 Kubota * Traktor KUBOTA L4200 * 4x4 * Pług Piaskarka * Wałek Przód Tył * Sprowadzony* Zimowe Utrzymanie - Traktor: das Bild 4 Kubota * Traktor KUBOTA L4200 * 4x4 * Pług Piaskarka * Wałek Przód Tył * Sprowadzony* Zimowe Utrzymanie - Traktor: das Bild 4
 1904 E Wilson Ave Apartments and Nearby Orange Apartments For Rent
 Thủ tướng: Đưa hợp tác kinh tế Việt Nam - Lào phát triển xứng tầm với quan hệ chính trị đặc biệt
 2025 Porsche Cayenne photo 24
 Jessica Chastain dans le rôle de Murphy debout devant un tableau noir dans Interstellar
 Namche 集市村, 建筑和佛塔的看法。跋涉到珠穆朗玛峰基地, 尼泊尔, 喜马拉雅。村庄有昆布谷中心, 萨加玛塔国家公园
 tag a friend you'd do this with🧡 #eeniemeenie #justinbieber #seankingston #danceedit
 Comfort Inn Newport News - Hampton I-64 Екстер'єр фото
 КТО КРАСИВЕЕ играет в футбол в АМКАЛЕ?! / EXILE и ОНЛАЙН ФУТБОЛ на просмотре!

### Exercise requirements
Produce verbatim the lines starting at the one with "Thủ tướng: Đưa" and ending at the last line of the material, both ends included. Add no other line.

### Task result
 Thủ tướng: Đưa hợp tác kinh tế Việt Nam - Lào phát triển xứng tầm với quan hệ chính trị đặc biệt
 2025 Porsche Cayenne photo 24
 Jessica Chastain dans le rôle de Murphy debout devant un tableau noir dans Interstellar
 Namche 集市村, 建筑和佛塔的看法。跋涉到珠穆朗玛峰基地, 尼泊尔, 喜马拉雅。村庄有昆布谷中心, 萨加玛塔国家公园
 tag a friend you'd do this with🧡 #eeniemeenie #justinbieber #seankingston #danceedit
 Comfort Inn Newport News - Hampton I-64 Екстер'єр фото
 КТО КРАСИВЕЕ играет в футбол в АМКАЛЕ?! / EXILE и ОНЛАЙН ФУТБОЛ на просмотре!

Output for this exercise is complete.